SONSUZ ♾

989 41 26
                                    

Bana doğru koşan adamı görünce sıkıntıyla iç geçirdim ve yanıma gelmesini bekledim. Her zamanki gibi geç kalmıştı. O kadar uyarılarıma rağmen zamanı yine ayarlayamamıştı. Yanıma ulaştığında gözlerimi devirdim ve ona baktım. Derin nefesler alıp veriyordu. Koşmuş gibi bir hali vardı. Üzerindeki ceketi yavaşça düzelttim.

"Yine geç kalmayı başardın. İki saat önce çık demedim mi sana? Koşarak mı geldin?"

"Özür dilerim... Evet koştum..."

"Neden koşuyorsun? Ben sana kendini zorlama demedim mi? Bir yerlerde fenalaşacaksın sonra endişeleneceğim!"

"Özür dilerim..."

"Akın!"

"Sen hızlı ol diyince koştum sevgilim. Hadi girelim..."

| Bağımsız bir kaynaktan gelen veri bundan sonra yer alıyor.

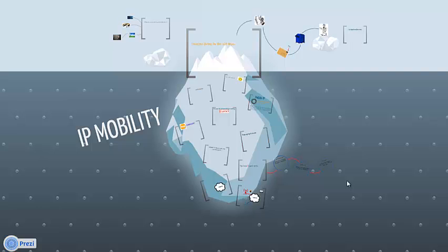Nowadays, people are talking more and more about mobile IP. IP we all know, but mobile IP? What exactly is that?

"Boşversene istemiyorum artık."

Gireceğimiz filmin saati çoktan geçmişti. Salon çoktan dolmuştu. Sıkıntıyla iç geçirdim. Akın kollarını bana doladı ve yüzümü uzun uzun inceledi. Ne görmek istediğini anlamamıştım. Beni mi özlemişti yoksa kızgınlığımın geçmesini mi bekliyordu?Aslında ona kızmamıştım. Bu kadar işin arasında buluşmak isteyen bendim. Ne olursa olsun işini bırakıp yanıma gelmişti. Eh Koçovalıların hayatını düşününce buna bile şükredecek haldeydim.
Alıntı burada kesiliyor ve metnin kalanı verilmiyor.